Troubleshoot the application
Estimated reading time: 8 minutesYou are viewing docs for legacy standalone Swarm. These topics describe standalone Docker Swarm. In Docker 1.12 and higher, Swarm mode is integrated with Docker Engine. Most users should use integrated Swarm mode — a good place to start is Getting started with swarm mode, Swarm mode CLI commands, and the Get started with Docker walkthrough). Standalone Docker Swarm is not integrated into the Docker Engine API and CLI commands.
It’s a fact of life that things fail. With this in mind, it’s important to understand what happens when failures occur and how to mitigate them. The following sections cover different failure scenarios:
- Swarm manager failures
- Consul (discovery backend) failures
- Interlock load balancer failures
- Web (voting-app) failures
- Redis failures
- Worker (vote-worker) failures
- Postgres failures
- Results-app failures
- Infrastructure failures
Swarm manager failures
In its current configuration, the swarm cluster only has single manager container running on a single node. If the container exits or the node fails, you cannot administer the cluster until you either fix it, or replace it.
If the failure is the swarm manager container unexpectedly exiting, Docker
automatically attempts to restart it.
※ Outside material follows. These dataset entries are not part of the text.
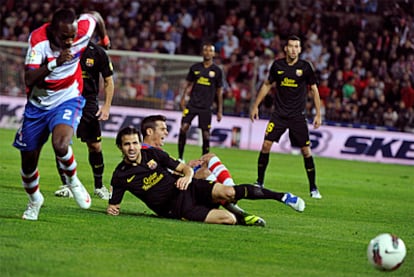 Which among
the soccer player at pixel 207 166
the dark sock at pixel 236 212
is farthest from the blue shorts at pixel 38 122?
the dark sock at pixel 236 212

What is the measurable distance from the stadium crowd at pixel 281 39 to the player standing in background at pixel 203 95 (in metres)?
6.98

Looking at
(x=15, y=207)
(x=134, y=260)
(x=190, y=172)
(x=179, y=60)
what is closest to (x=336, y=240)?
(x=190, y=172)

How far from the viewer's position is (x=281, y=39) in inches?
1209

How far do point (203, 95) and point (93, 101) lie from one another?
24.4 ft

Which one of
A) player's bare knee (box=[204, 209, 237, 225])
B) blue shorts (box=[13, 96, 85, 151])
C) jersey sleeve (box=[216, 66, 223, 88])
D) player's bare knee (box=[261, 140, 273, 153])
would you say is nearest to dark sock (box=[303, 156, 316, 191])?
player's bare knee (box=[261, 140, 273, 153])

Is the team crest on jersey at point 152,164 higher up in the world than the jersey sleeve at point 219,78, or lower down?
higher up

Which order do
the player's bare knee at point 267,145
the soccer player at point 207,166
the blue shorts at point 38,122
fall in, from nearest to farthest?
1. the blue shorts at point 38,122
2. the soccer player at point 207,166
3. the player's bare knee at point 267,145

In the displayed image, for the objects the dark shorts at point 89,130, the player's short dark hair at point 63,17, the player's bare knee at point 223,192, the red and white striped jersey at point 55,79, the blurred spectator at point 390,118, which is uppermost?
the player's short dark hair at point 63,17

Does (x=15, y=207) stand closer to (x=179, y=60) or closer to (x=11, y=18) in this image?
(x=179, y=60)

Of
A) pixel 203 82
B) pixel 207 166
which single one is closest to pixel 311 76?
pixel 207 166

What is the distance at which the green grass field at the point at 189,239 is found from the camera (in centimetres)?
752

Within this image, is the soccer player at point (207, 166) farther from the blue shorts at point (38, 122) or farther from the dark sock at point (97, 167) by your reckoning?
the dark sock at point (97, 167)

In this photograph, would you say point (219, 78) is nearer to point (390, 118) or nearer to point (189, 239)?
point (390, 118)

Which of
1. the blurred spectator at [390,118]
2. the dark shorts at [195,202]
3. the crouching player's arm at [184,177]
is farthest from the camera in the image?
the blurred spectator at [390,118] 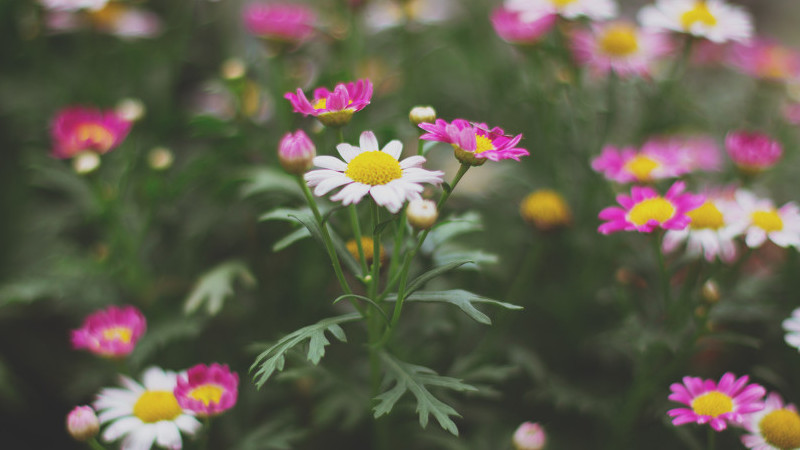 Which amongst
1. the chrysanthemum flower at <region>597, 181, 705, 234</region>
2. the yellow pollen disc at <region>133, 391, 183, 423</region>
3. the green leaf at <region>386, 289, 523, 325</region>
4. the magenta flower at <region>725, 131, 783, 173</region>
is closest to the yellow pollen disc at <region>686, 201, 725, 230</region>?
the chrysanthemum flower at <region>597, 181, 705, 234</region>

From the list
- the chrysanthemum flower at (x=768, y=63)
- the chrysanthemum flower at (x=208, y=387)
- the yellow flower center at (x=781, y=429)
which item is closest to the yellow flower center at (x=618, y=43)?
the chrysanthemum flower at (x=768, y=63)

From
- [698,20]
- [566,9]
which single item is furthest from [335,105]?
[698,20]

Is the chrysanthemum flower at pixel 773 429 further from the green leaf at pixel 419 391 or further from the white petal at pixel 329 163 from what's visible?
the white petal at pixel 329 163

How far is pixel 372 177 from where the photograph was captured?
2.87 feet

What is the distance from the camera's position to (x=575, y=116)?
1.53m

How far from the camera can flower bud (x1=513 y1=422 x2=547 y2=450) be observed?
1069 millimetres

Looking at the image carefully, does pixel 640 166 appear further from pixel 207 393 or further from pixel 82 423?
pixel 82 423

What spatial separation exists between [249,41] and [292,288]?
1345 mm

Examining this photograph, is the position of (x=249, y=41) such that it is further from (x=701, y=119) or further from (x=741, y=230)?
(x=741, y=230)

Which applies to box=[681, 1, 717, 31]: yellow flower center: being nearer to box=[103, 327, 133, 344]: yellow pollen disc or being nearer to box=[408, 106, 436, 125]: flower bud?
box=[408, 106, 436, 125]: flower bud

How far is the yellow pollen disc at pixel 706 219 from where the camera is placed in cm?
116

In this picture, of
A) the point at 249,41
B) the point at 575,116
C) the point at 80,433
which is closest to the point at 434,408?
the point at 80,433

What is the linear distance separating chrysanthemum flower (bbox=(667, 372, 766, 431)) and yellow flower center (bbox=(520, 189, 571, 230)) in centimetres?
45

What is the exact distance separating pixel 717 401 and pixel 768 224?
14.5 inches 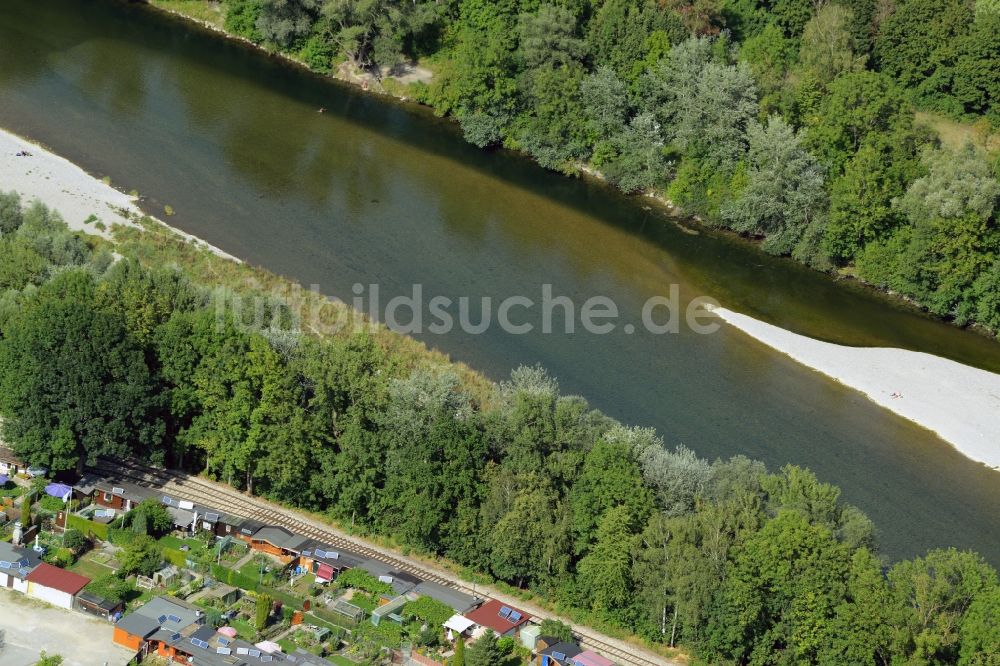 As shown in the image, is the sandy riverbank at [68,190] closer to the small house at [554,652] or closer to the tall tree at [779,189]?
the tall tree at [779,189]

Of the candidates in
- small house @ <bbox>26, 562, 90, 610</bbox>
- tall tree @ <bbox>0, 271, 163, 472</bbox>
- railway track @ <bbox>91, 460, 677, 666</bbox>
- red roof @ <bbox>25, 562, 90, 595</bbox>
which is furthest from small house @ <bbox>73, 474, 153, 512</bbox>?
small house @ <bbox>26, 562, 90, 610</bbox>

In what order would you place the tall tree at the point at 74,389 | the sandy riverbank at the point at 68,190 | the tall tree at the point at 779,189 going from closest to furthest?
the tall tree at the point at 74,389
the sandy riverbank at the point at 68,190
the tall tree at the point at 779,189

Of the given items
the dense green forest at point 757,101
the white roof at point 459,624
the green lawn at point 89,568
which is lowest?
the green lawn at point 89,568

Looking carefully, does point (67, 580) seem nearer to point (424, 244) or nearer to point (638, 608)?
point (638, 608)

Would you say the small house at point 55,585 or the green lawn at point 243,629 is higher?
the green lawn at point 243,629

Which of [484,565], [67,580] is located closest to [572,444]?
[484,565]

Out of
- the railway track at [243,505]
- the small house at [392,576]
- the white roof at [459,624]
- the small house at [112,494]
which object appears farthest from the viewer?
the small house at [112,494]

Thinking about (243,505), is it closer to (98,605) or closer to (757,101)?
(98,605)

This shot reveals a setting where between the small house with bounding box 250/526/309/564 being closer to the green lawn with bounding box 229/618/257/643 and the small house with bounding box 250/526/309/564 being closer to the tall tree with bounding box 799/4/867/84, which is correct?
the green lawn with bounding box 229/618/257/643

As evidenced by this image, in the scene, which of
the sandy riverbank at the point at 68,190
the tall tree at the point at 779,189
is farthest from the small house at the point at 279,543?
the tall tree at the point at 779,189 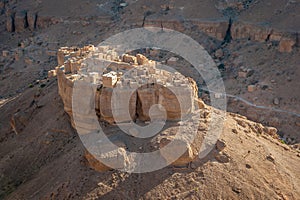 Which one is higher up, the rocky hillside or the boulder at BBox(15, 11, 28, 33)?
the rocky hillside

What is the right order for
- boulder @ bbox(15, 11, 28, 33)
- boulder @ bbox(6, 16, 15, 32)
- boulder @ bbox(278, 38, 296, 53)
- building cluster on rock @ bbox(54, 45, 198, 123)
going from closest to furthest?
building cluster on rock @ bbox(54, 45, 198, 123)
boulder @ bbox(278, 38, 296, 53)
boulder @ bbox(15, 11, 28, 33)
boulder @ bbox(6, 16, 15, 32)

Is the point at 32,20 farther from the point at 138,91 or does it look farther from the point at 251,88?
the point at 138,91

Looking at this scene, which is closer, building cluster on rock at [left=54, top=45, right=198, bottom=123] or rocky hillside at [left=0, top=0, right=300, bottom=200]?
rocky hillside at [left=0, top=0, right=300, bottom=200]

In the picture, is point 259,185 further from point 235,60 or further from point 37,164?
point 235,60

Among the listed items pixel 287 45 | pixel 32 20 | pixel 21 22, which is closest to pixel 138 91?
pixel 287 45

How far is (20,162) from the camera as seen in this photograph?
2120 centimetres

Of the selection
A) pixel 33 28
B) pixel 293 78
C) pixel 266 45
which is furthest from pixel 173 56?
pixel 33 28

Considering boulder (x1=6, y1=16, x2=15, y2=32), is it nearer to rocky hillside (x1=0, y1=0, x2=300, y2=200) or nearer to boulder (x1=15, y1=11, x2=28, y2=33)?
rocky hillside (x1=0, y1=0, x2=300, y2=200)

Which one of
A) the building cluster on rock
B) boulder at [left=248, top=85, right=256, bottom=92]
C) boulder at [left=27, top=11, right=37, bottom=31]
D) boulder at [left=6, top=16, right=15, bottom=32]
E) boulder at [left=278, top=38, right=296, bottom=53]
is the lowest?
boulder at [left=6, top=16, right=15, bottom=32]

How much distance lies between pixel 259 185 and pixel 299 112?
1433cm

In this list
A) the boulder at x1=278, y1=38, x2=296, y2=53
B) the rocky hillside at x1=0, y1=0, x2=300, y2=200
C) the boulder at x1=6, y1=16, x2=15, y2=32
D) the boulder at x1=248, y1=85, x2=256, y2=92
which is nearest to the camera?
the rocky hillside at x1=0, y1=0, x2=300, y2=200

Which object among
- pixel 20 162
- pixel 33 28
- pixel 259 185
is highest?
pixel 259 185

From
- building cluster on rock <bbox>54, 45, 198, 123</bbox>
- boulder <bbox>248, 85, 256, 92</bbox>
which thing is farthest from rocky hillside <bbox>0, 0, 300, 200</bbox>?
building cluster on rock <bbox>54, 45, 198, 123</bbox>

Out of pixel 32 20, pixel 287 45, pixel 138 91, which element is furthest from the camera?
pixel 32 20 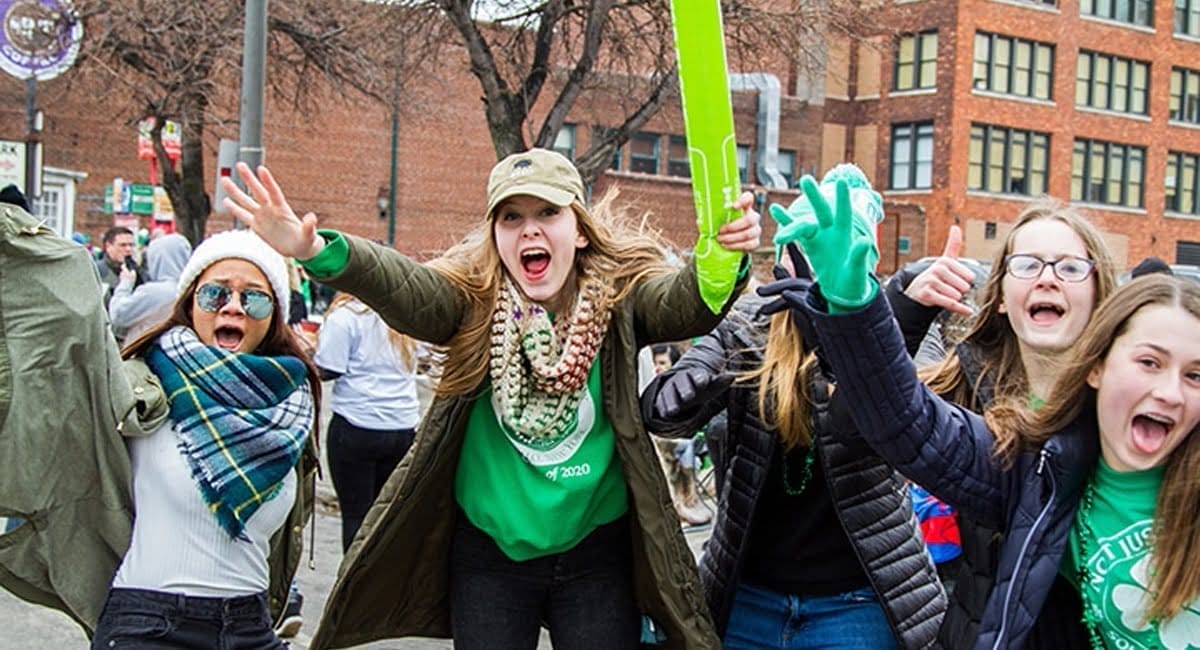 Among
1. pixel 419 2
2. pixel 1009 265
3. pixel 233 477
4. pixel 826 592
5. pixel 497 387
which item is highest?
pixel 419 2

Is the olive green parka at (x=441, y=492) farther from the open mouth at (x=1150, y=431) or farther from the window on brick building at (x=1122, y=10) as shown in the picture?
the window on brick building at (x=1122, y=10)

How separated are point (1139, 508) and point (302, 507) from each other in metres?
2.44

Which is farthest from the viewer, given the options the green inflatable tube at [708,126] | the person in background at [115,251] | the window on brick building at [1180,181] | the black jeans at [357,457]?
the window on brick building at [1180,181]

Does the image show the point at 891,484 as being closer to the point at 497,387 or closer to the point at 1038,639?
the point at 1038,639

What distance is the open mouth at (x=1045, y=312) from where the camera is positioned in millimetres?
3289

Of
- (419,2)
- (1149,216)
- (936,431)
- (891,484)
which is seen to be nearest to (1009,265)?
(891,484)

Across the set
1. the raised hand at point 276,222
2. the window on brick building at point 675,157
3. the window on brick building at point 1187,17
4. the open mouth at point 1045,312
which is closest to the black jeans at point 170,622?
the raised hand at point 276,222

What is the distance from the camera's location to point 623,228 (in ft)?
12.2

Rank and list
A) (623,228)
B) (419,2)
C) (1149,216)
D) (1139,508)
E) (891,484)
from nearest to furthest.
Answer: (1139,508)
(891,484)
(623,228)
(419,2)
(1149,216)

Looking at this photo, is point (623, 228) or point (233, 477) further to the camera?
point (623, 228)

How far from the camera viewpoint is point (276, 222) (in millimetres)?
3002

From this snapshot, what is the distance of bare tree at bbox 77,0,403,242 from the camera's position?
543 inches

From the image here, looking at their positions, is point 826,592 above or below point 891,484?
below

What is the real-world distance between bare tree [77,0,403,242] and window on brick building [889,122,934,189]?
89.4 ft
This is because the container was started
with the --restart=unless-stopped
switch.
While the swarm manager is unavailable, the application continues to work in its current configuration. However, you cannot provision more nodes or containers until you have a working swarm manager.
Docker Swarm supports high availability for swarm managers. This allows a single swarm cluster to have two or more managers. One manager is elected as the primary manager and all others operate as secondaries. In the event that the primary manager fails, one of the secondaries is elected as the new primary, and cluster operations continue gracefully. If you are deploying multiple swarm managers for high availability, you should consider spreading them across multiple failure domains within your infrastructure.
Consul (discovery backend) failures
The swarm cluster that you have deployed has a single Consul container on a single node performing the cluster discovery service. In this setup, if the Consul container exits or the node fails, the application continues to operate in its current configuration. However, certain cluster management operations fail. These include registering new containers in the cluster and making lookups against the cluster configuration.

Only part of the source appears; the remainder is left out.